→ **Required action**:
Take the lines from the beginning of the material through the line containing "Don't forget to" and retype them exactly, leaving the pictures out.

→ **Given data**:
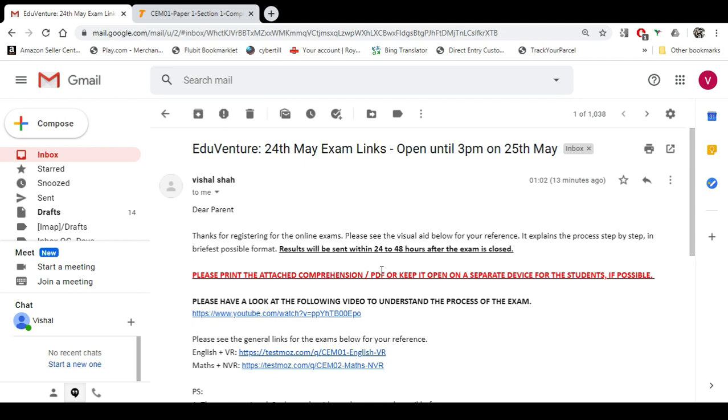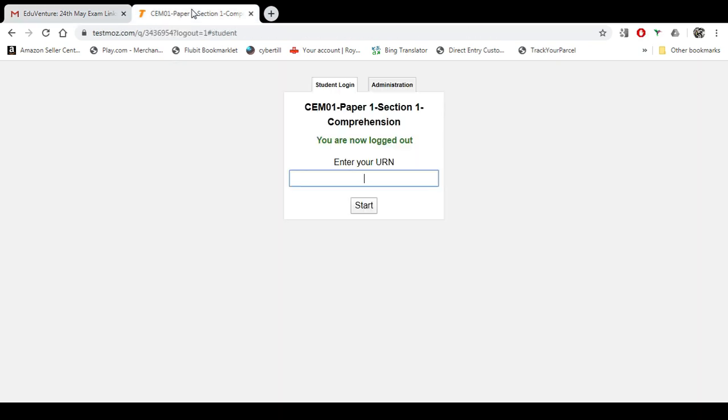You will receive an email like this. The email will have two links for both the exams. If you click on one of the links, it will open this kind of a page.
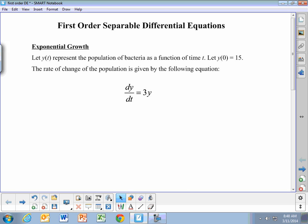This sample video is going to go over solving first-order separable differential equations. These are extremely important equations in both introductory calculus classes and introductory physics classes.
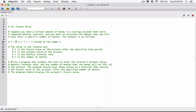We've been given a formula and we need to create a function, providing as arguments the present value, the monthly interest rate, and the number of months. We are going to ask the user to enter those three values, use a function to calculate the future value, and then return it.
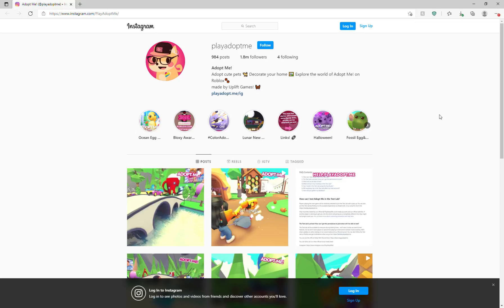Don't forget to join my Roblox group, I will put the link in the description below. And today I'm going to be showing you some Adopt Me stuff on Instagram, and I can't go all the way down because I do not have an account and I'm not planning to sign up right now.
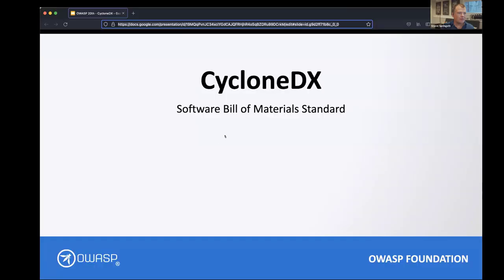Thanks for the intro Gabriel — it's a pleasure to talk to everyone for the 20th anniversary of OWASP. This is truly a historic moment. Patrick and I are going to cover CycloneDX, which is a flagship OWASP standard targeting software bill of materials.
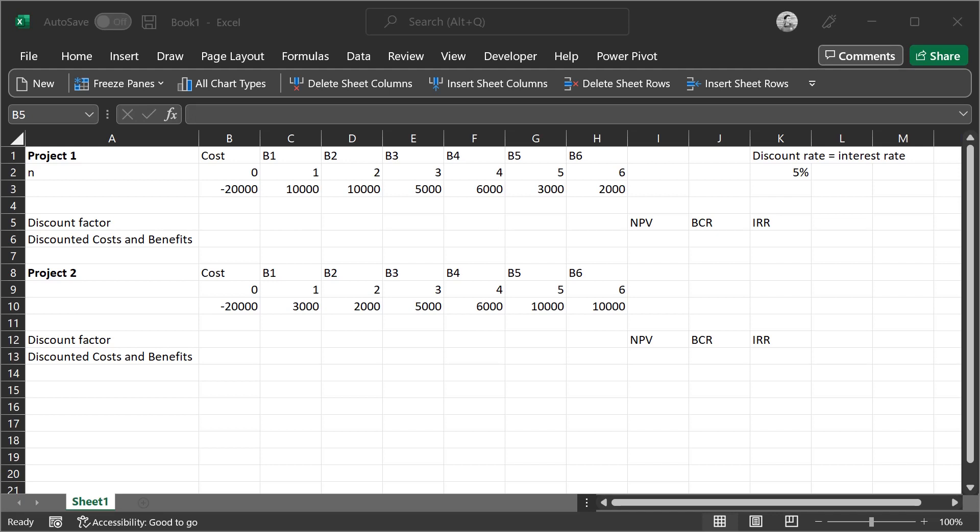Hello everyone, in this video I'll be showing you how to calculate the net present value, the BCR, and the IRR for both of these projects on my Excel sheet right here. To start off, we'll calculate the discount factor.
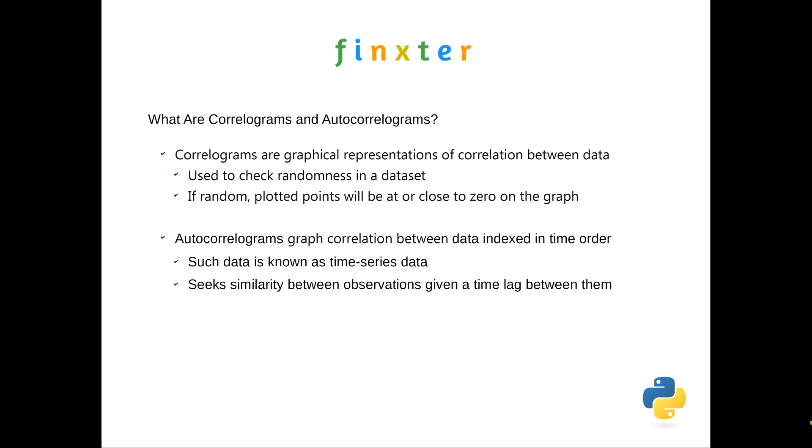Now autocorrelograms are similar, but what they do is they look for correlation between data indexed in time order, what we would call time series data. So data points that have been taken at specific times, and meteorological observations would be a really good example of that. And what it's doing is it seeks similarity between the observations given the time lag between them.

→ **Response area**:
You will receive an email like this. The email will have two links for both the exams. If you click on one of the links, it will open this kind of a page.
This sample video is going to go over solving first-order separable differential equations. These are extremely important equations in both introductory calculus classes and introductory physics classes.
We've been given a formula and we need to create a function, providing as arguments the present value, the monthly interest rate, and the number of months. We are going to ask the user to enter those three values, use a function to calculate the future value, and then return it.
Don't forget to join my Roblox group, I will put the link in the description below. And today I'm going to be showing you some Adopt Me stuff on Instagram, and I can't go all the way down because I do not have an account and I'm not planning to sign up right now.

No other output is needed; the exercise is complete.